NEVROZ UYSAL ASLAN (Şırnak) - Yine, Komite, bu kararla ilgili, Aralık 2021 oturumunda sizlere, Türkiye'ye sorular sordu "Türkiye'de kaç tane ağırlaştırılmış müebbet hapis cezası var ve kaç yıldır cezaevindeler? Ağırlaştırılmış müebbet hapis cezasının değişimiyle ilgili nasıl bir değişiklik yerine getirilecektir?" diye. Bunlara cevap vermediniz, verdiğiniz cevapta ise "ilgili hükmün gereğinin yerine getirildiğine" şeklinde cevap verildi ancak bugün yüzlerce kişi Türkiye cezaevlerinde ağırlaştırılmış müebbet hapis cezasıyla yargılanmakta, yine, bu cezanın vermiş olduğu ağır infaz koşulları altında kalmaktadır.

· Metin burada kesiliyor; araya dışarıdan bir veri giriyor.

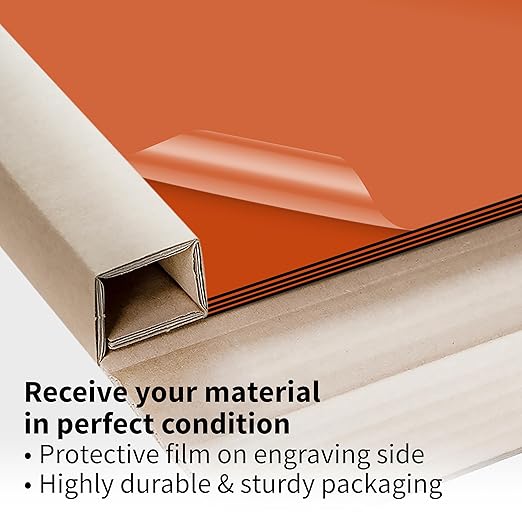 Trotec TroLase | 12"x24"x1/16", 4 Pcs | Orange/Black| 2 Ply | Modified Acrylic | Laser Engraving Double Color Plastic Sheet | Engraving Blanks for Laser, Saw, Guillotine | Made in USA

Yine, bir sayın hatip söyledi, cenazeye katılmayla ilgili... Yine, Güler ve Uğur Türkiye kararı var, 2014 tarihli; cenaze törenine katılmanın dinî ve manevi bir durum olduğuna, din ve vicdan özgürlüğünü ihlal ettiğine ve bu konuda keyfî ve gerekçeli bir biçimde TMK 7/2'nin öngörülebilir olmadığına dönük karar varken bugün sizlerin sorumluluğunuzda ama AİHM kararlarının gereğini yerine getirip getirmemek...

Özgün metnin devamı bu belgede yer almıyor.